# Eisflammen



## Spacemonkey (19. April 2003)

Hi,

ist es möglich aus normalen Flammen von einem Feuer, Eisflammen draus zu machen?

Gruß Spacemonkey


----------



## Kaprolactam (19. April 2003)

Strg+U ist der Schlüssel zum Erfolg...
...oder F1


----------



## mavi (27. April 2003)

oder farben umkehren


----------



## Mythos007 (27. April 2003)

"strg + i" in diesem fall *g*


----------



## Hercules (27. April 2003)

@ mavi
ähm hallo wenn du bei flammen die farben umkehrst,(ich gehe mal davon aus dass die rot bis orange sind) bekommst du keinesfalle Eisflammen!!! Das wird wohl eher etwas grünlichblaues werden, was aber nicht unbedingt eisflammen ähneln wird...
Was ich damit sagen wollte, dein gedanke ist zwar gut, da ja das gegenteil von feuer Eis ist, und da ja die komplementärfarbe von orange blau ist, aber das verfahren könnte man nicht bei allen eisflammen verwenden, außer du würdest das mit den Gradationskurven machen...
Daher lieber Farbton/sättigung nehmen...


----------



## Controll (27. April 2003)

*[...]*

Ich würde das bild einfach umkehren (bild - einstellungen - umkehren) und dann färben, wie ich's brauch (bild - einstellungen - farbton/sättigung und dann auf färben klicken)

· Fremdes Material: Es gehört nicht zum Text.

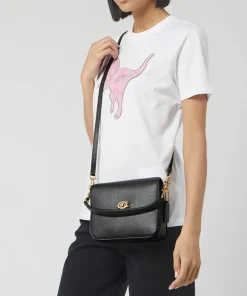 Crossbody Bags*Coach Cassie Polished Pebbled Leather Crossbody 19 - Black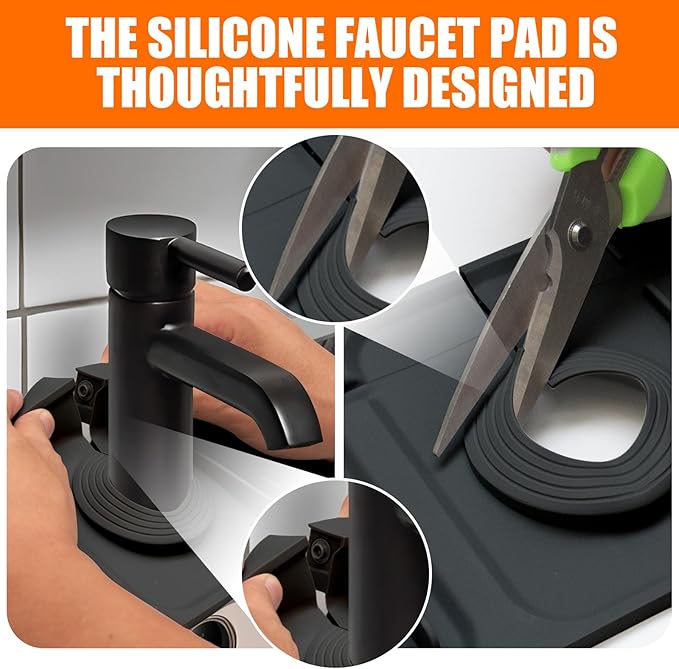 24" Silicone Faucet Mat for Kitchen Sink,7° Draining Mat with Snap Button Lock,Faucet Splash Guard and Sink Counter Organizer,Trim-to-Fit Kitchen Faucet Protector for Sponge Brush Cup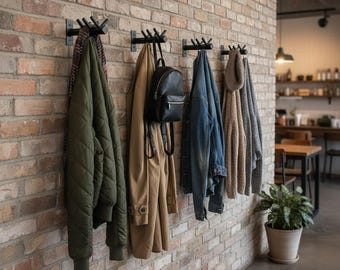 Wandgarderobe - Schwarze Metallhaken für Eingangsbereich, Büro oder Café, Moderne Loft-Wandhänger, Hochleistungsstahl-Organizer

Und fertig. - Was is daran so schwer ?


----------



## killkrog (27. April 2003)

Toll, damit wiederholst du alles, was oben ohnehin schon gesagt wurde...


----------



## tcppunk (29. April 2003)

Man könnte aber auch einfach eine Flamme machen und blau anmalen. Ach kommt schon, seit doch ein bisschen kreativ


----------



## gcaruso (29. April 2003)

oder du erstellst eine neue ebene über die flammen und bedeckst diese mit einem blau. dann nur noch bei den ebenen die ebene blau auf "farbton" stellen. 

Fertig!!


----------



## tcppunk (29. April 2003)

Naja so ungefähr das hab ich ja gemeint, ich wollts nur en bissl einfacher ausdrücken


----------



## babone (29. April 2003)

Bin auch für Färben ! ich hab mal ein cooles tutorial für flammen gehabt !( Muss mal suchen !) Mit dem ergebniss war ich ziemlich zufrieden!Soweit ich hier nicht das thema verfehlt hab  leider nur mit text !


----------



## Milchmann (10. Mai 2003)

*Cool*

Hoffe du findest das tutorial schrift sieht nämlich geil aus.
Apropo wie heisst die schriftart eigentlich


----------